*WHAT IS REQUIRED*. Only the lines from the one holding "PATRIOT VIPER VENOM" to the end of the data should be echoed, exactly as they appear, minus the pictures.

Crawled caption data
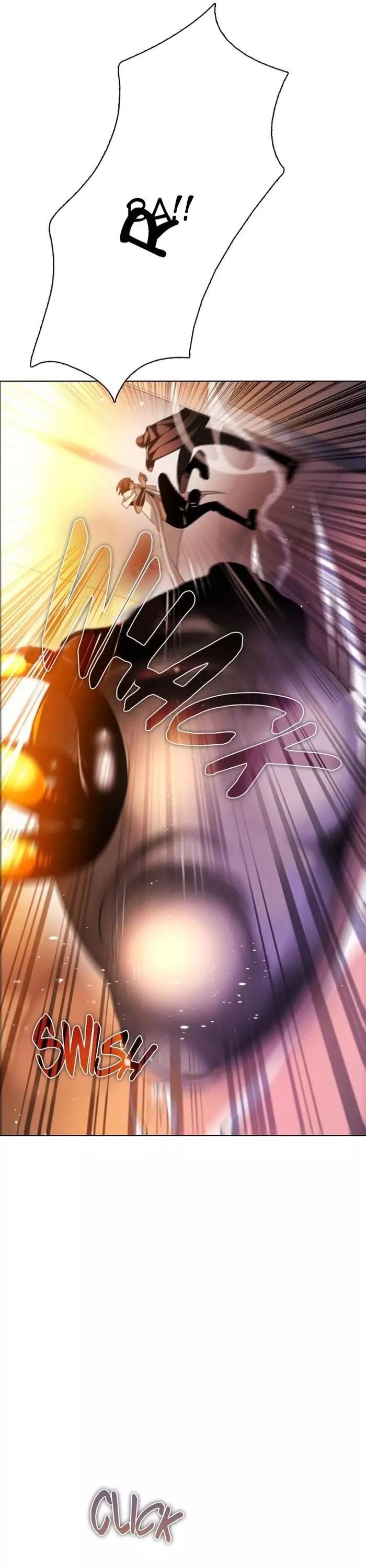 Zero Game Chap 109 - Next Chap 110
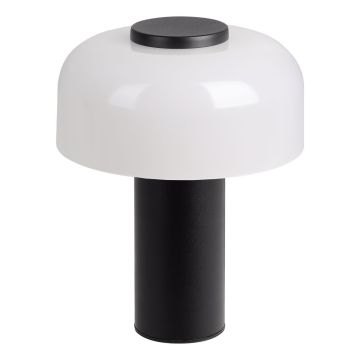 Eglo PONENTE 900984 Tischleuchte 1x2.25W/LED 2400-4000K 250LM IP44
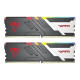 PATRIOT VIPER VENOM RGB DDR5 32GB 2X16GB 6000MHz UDIMM KIT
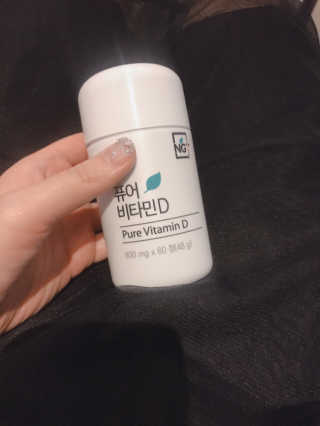 JJol님이 올린 리뷰 사진 3
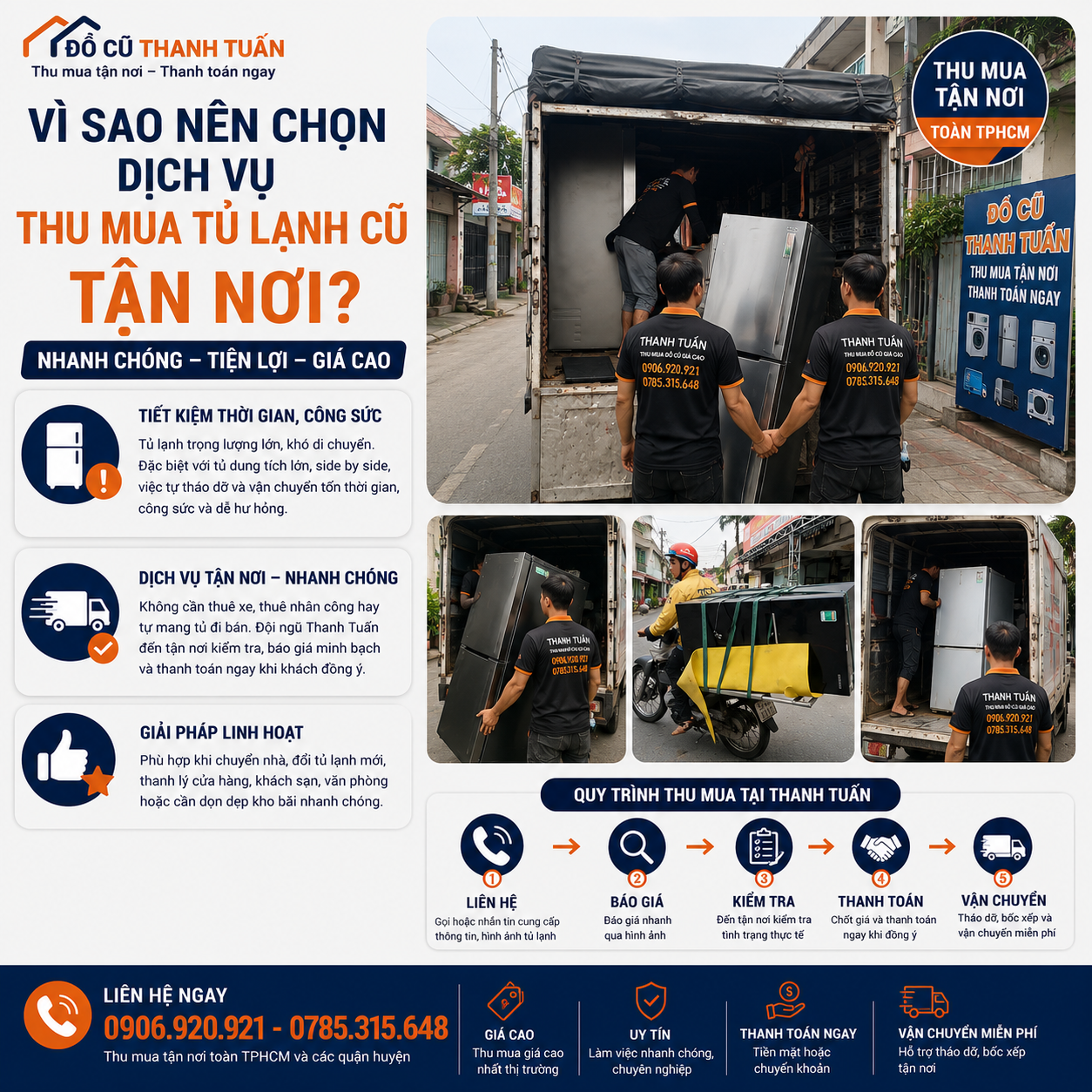 noi-thu-mua-tu-lanh-cu-gia-cao-tai-tphcm-2-6 Nơi Thu Mua Tủ Lạnh Cũ Giá Cao Tại TPHCM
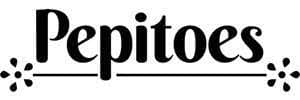 Pepitoes coupons and offers
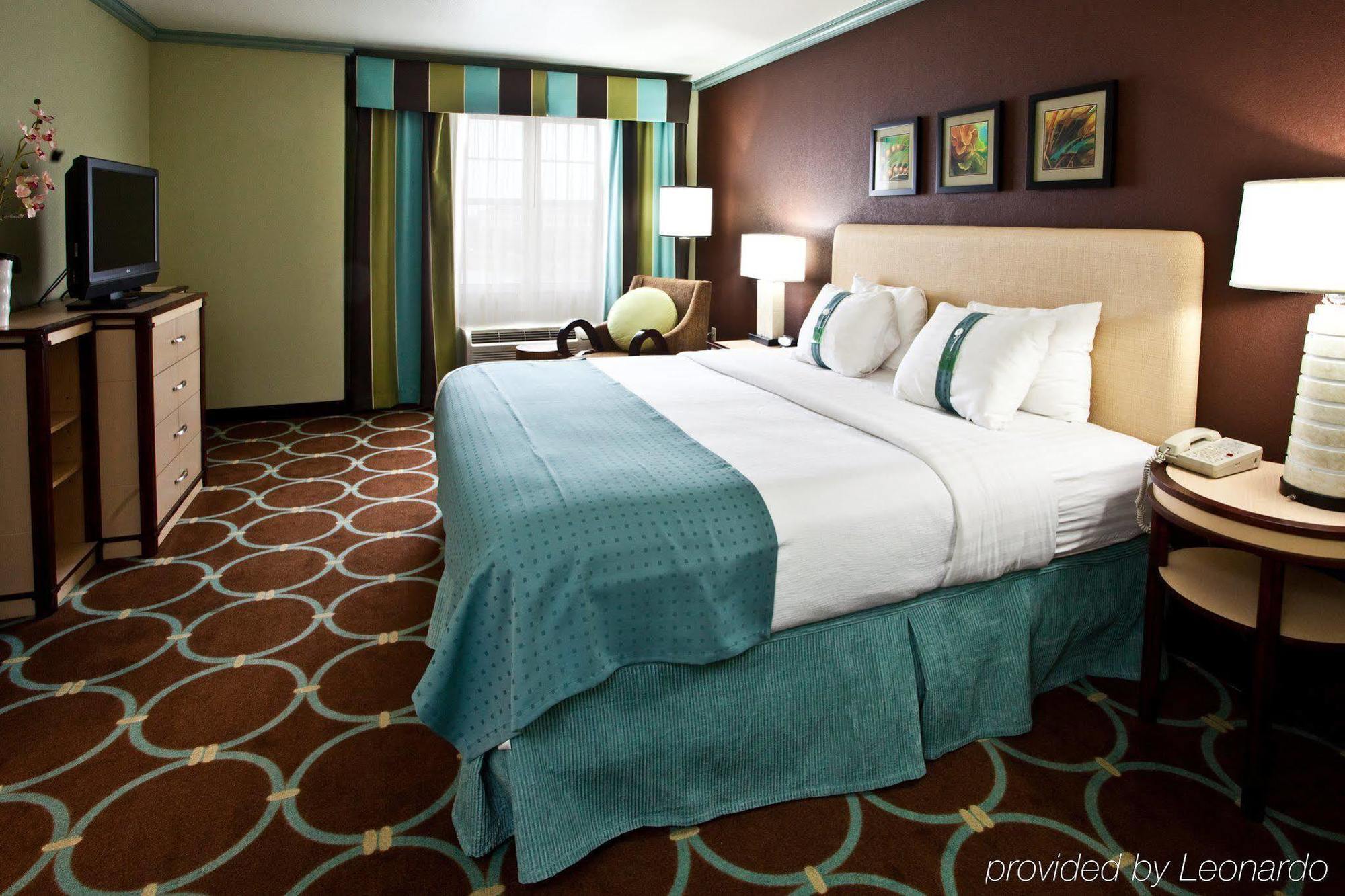 Even Hotels Sarasota-Lakewood Ranch By Ihg The Meadows Εξωτερικό φωτογραφία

*ANSWER TO THIS PROBLEM*.
 PATRIOT VIPER VENOM RGB DDR5 32GB 2X16GB 6000MHz UDIMM KIT
 JJol님이 올린 리뷰 사진 3
 noi-thu-mua-tu-lanh-cu-gia-cao-tai-tphcm-2-6 Nơi Thu Mua Tủ Lạnh Cũ Giá Cao Tại TPHCM
 Pepitoes coupons and offers
 Even Hotels Sarasota-Lakewood Ranch By Ihg The Meadows Εξωτερικό φωτογραφία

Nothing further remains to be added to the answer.